• _Problem statement_: Please write out the entire listing below exactly, excluding its pictures.

----------------------------------------

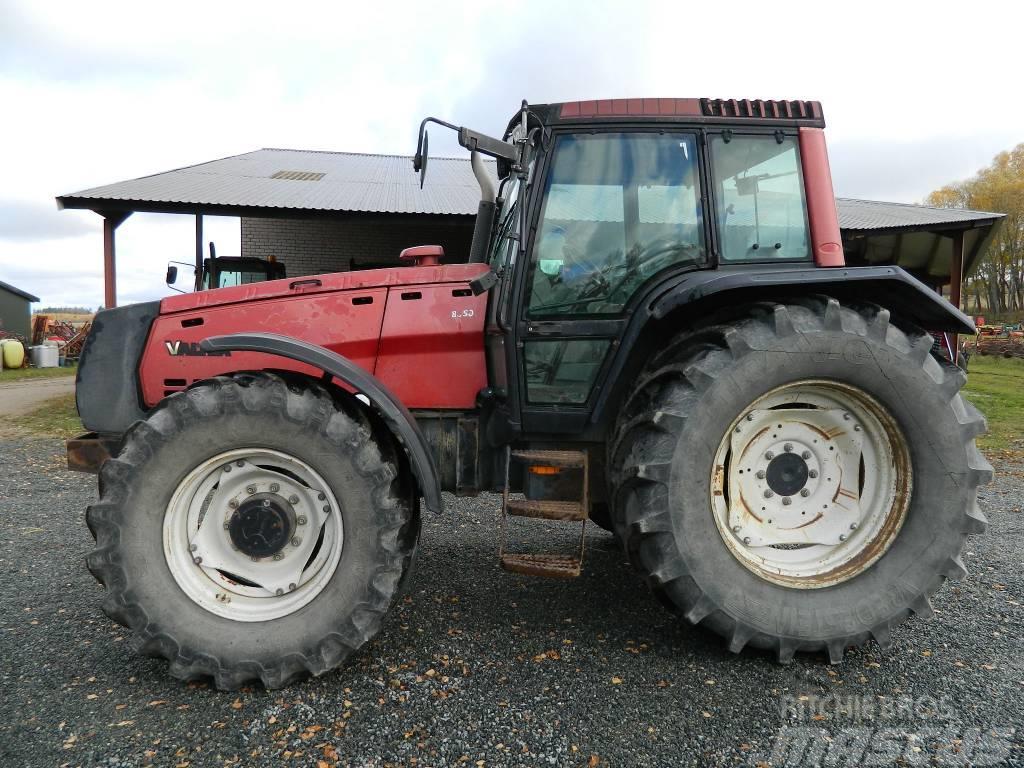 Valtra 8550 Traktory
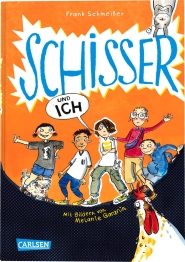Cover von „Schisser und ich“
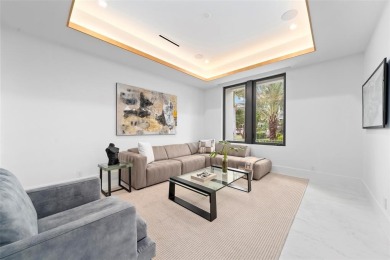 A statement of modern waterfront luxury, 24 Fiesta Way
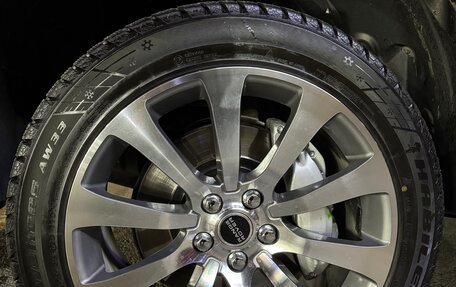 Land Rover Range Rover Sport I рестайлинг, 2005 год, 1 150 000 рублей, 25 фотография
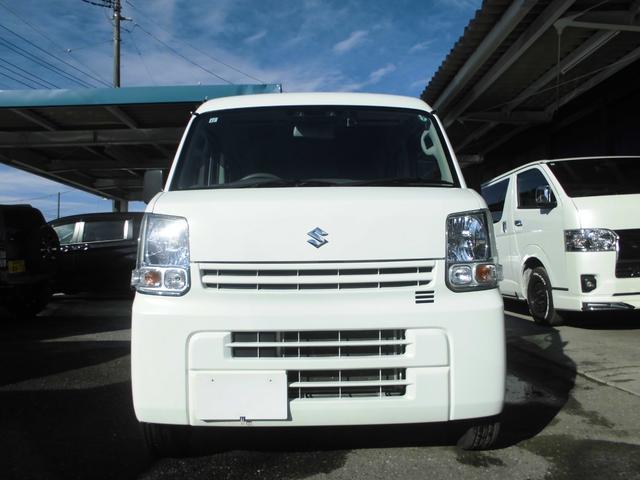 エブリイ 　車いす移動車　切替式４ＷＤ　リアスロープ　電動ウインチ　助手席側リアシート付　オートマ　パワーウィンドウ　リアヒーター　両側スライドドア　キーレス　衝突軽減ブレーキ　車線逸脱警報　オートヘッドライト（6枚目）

----------------------------------------

• _Solution_:
 Valtra 8550 Traktory
Cover von „Schisser und ich“
 A statement of modern waterfront luxury, 24 Fiesta Way
 Land Rover Range Rover Sport I рестайлинг, 2005 год, 1 150 000 рублей, 25 фотография
 エブリイ 　車いす移動車　切替式４ＷＤ　リアスロープ　電動ウインチ　助手席側リアシート付　オートマ　パワーウィンドウ　リアヒーター　両側スライドドア　キーレス　衝突軽減ブレーキ　車線逸脱警報　オートヘッドライト（6枚目）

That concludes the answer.